**TO DO**
Exactly the lines from the line with "e-ast CL300-12 Omvormer 300 W 12 V/DC - 230 V/AC e-ast" through the final line of the records below, both ends included, are to be set down. Do not include pictures.

**DATA PROVIDED**
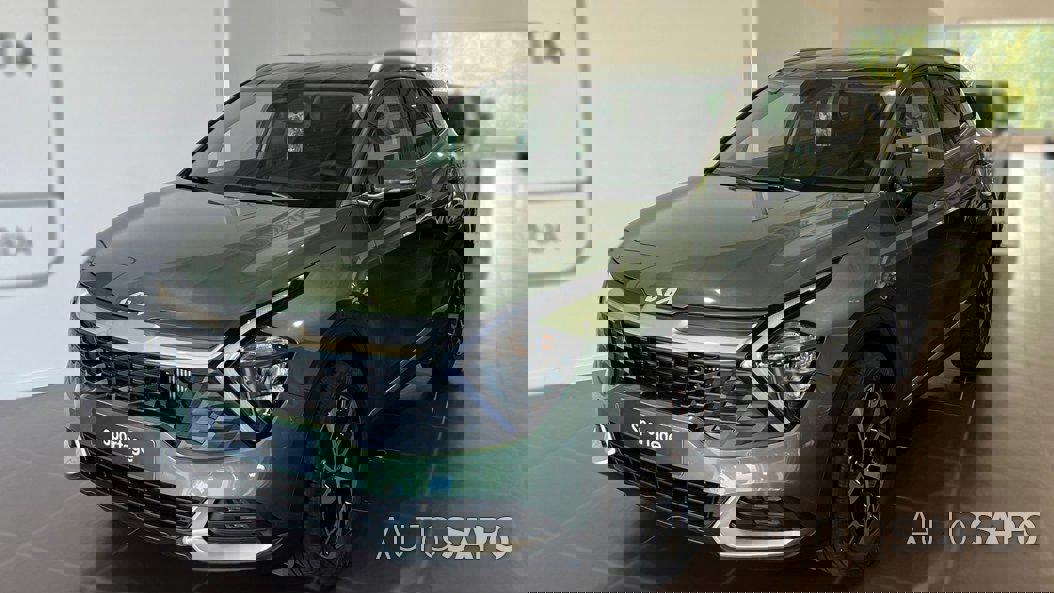 Kia Sportage de 2025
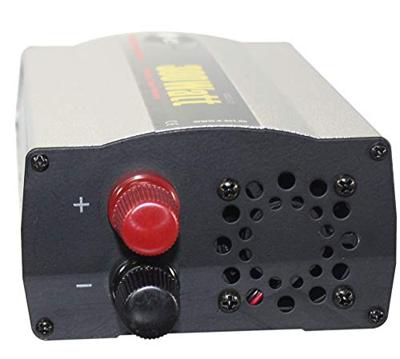 e-ast CL300-12 Omvormer 300 W 12 V/DC - 230 V/AC e-ast CL300-12 Omvormer 300 W 12 V/DC - 230 V/AC
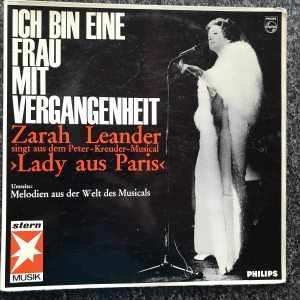 Zarah Leander - Ich bin eine Frau mit Vergangenheit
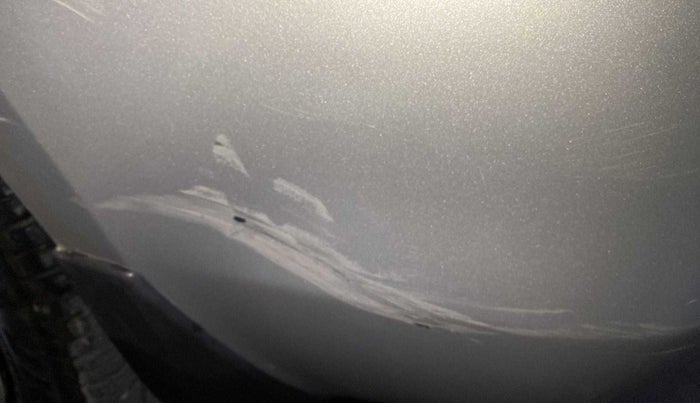 2015 Maruti Swift Dzire VXI, Petrol, Manual, 28,902 km, Rear bumper - Minor scratches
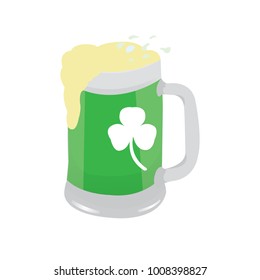 Glasss of beer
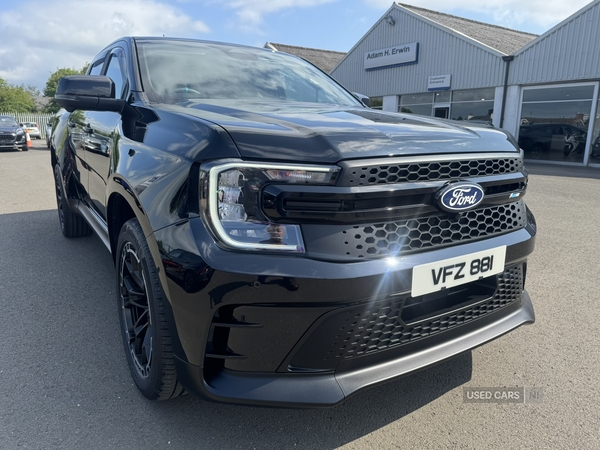 Ford Ranger DIESEL in Antrim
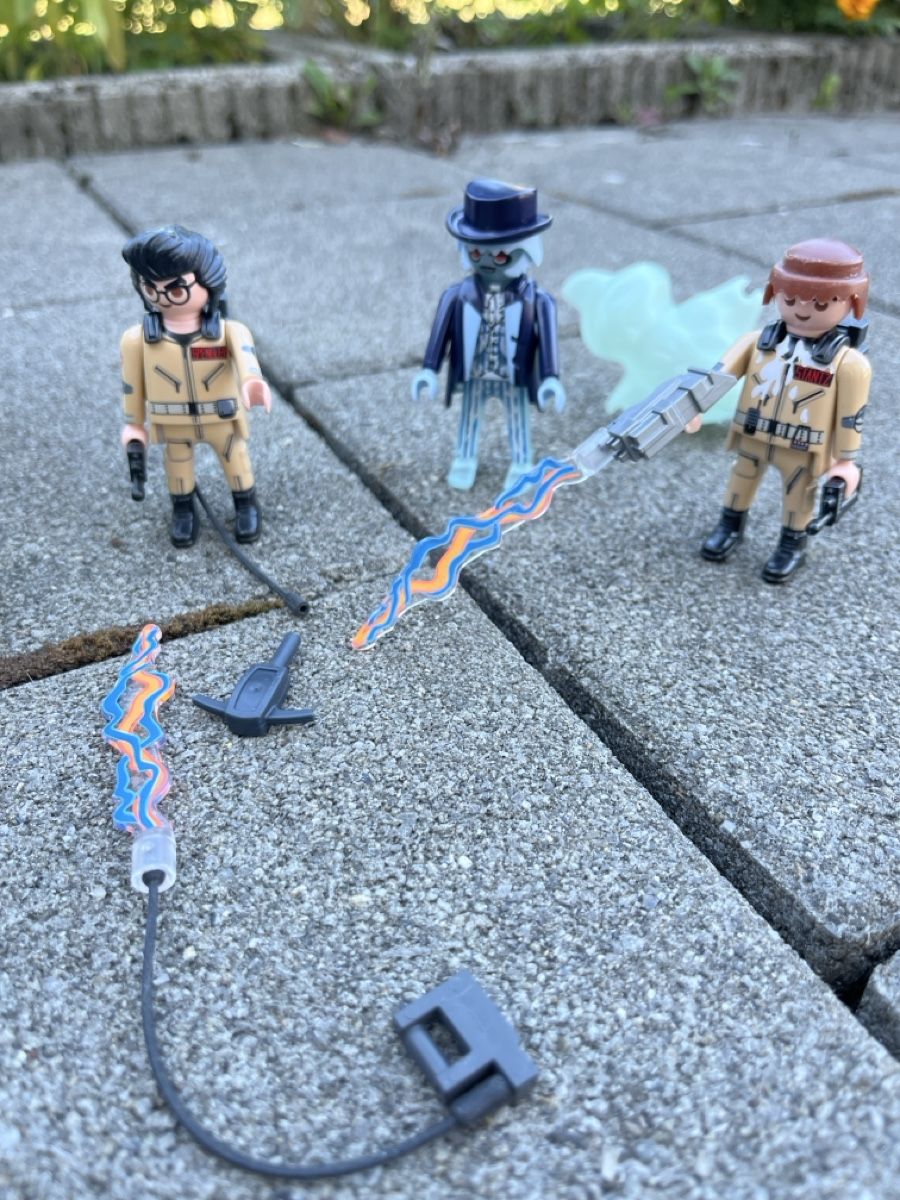 Playmobil Giocattoli: Playmobil Ghostbusters  – Usato da Neuenegg venduto da Mirjam55 3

**ANSWER BELOW**
 e-ast CL300-12 Omvormer 300 W 12 V/DC - 230 V/AC e-ast CL300-12 Omvormer 300 W 12 V/DC - 230 V/AC
 Zarah Leander - Ich bin eine Frau mit Vergangenheit
 2015 Maruti Swift Dzire VXI, Petrol, Manual, 28,902 km, Rear bumper - Minor scratches
 Glasss of beer
 Ford Ranger DIESEL in Antrim
 Playmobil Giocattoli: Playmobil Ghostbusters  – Usato da Neuenegg venduto da Mirjam55 3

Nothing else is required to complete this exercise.